» **WHAT YOU HAVE TO DO**:
Look through the data below for the line with "Size: 640x640 |", and transcribe it exactly together with each line after it up to and including the line with "LIMPEZA E FORMATAÇÃO". Give nothing else.

» **DATA SUPPLIED**:
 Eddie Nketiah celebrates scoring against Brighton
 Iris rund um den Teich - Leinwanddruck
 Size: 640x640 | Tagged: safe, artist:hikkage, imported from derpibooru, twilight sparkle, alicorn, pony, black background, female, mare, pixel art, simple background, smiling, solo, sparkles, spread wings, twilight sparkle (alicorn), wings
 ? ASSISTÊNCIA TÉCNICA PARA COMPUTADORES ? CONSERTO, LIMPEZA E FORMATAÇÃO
...
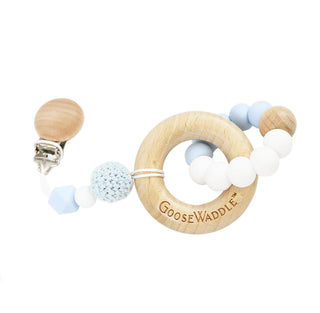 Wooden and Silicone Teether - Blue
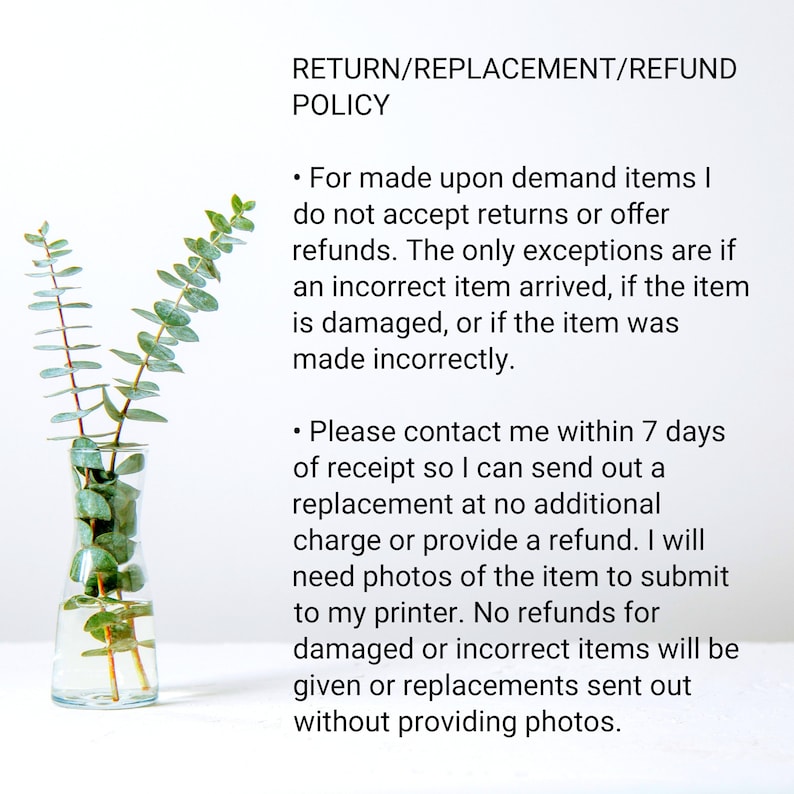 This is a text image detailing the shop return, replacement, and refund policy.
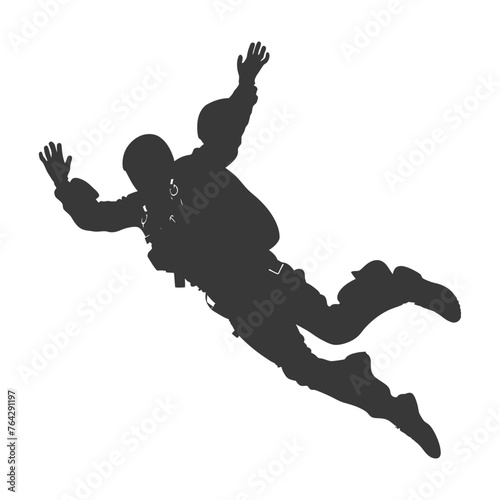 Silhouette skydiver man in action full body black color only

» **RESPONSE**:
 Size: 640x640 | Tagged: safe, artist:hikkage, imported from derpibooru, twilight sparkle, alicorn, pony, black background, female, mare, pixel art, simple background, smiling, solo, sparkles, spread wings, twilight sparkle (alicorn), wings
 ? ASSISTÊNCIA TÉCNICA PARA COMPUTADORES ? CONSERTO, LIMPEZA E FORMATAÇÃO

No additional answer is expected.